= Cabinet Council on Commerce and Trade =

The Cabinet Council on Commerce and Trade was one of multiple Cabinet Councils established in the United States on or about February 26, 1981 by the Reagan Administration.

==History==
Gerald J. Mossinghoff served as an Assistant Secretary of Commerce, Commissioner of Patents and Trademarks. He stated, “President Reagan supported a strong patent system...Secretary of Commerce, Malcolm Baldrige, was the head of the Cabinet Council on Commerce and Trade, and he gave him complete discretion in formulation of patent policy for the Department of Commerce. He recalled, "When I saw that Mac Baldrige was the head of the [Administration's Special Committee on] Commerce and Trade, I told him that there really ought to be . . . a senior-level committee on intellectual property, and I should chair it. Secretary Baldrige agreed and set up the Working Group on Intellectual Property of the Cabinet Council on Commerce and Trade . . ."

==Working Group on Intellectual Property==
The working group advised President Reagan concerning many matters, most notably, the establishment of a Court of Appeals for the Federal Circuit, which strengthened and brought certainty to patent law in the United States.

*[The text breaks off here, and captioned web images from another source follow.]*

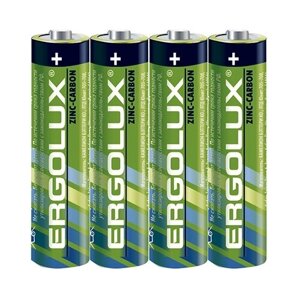 Батарейка Ergolux R03SR4 AAA, в упаковке: 4 шт.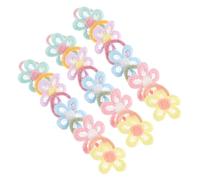ZUNOXAZ 30 Pezzi Elastici per Capelli Bambina Morbidi e Colorati Fasce Elastiche Sottile e Spesse per Capelli Sottili e Spessi Accessori per Coda di Cavallo Sicuri e Delicati Tenuta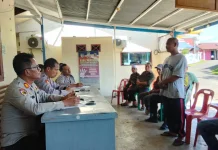 Polsek Sibabangun dan Batang Toru Mediasi Konflik Antarwarga Dua Kabupaten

The group initiated a far-reaching automation program at the USPTO to computerize the office's database.

The WGIP took public comment and studied matters such as:

- Trademark counterfeiting
- Increasing the competitiveness of United States industries
- Imports of articles bearing genuine trademarks without the consent of the trademark owner (so-called “parallel imports”)

==Consolidation==
The Cabinet Council on Commerce and Trade's Working Group on Intellectual Property (WGIP), folded in the mid-1990s into the President's Economic Policy Council.

The location of the records of the Cabinet Council on Commerce and Trade is unknown. Some records are located in the Ronald Reagan Presidential Library.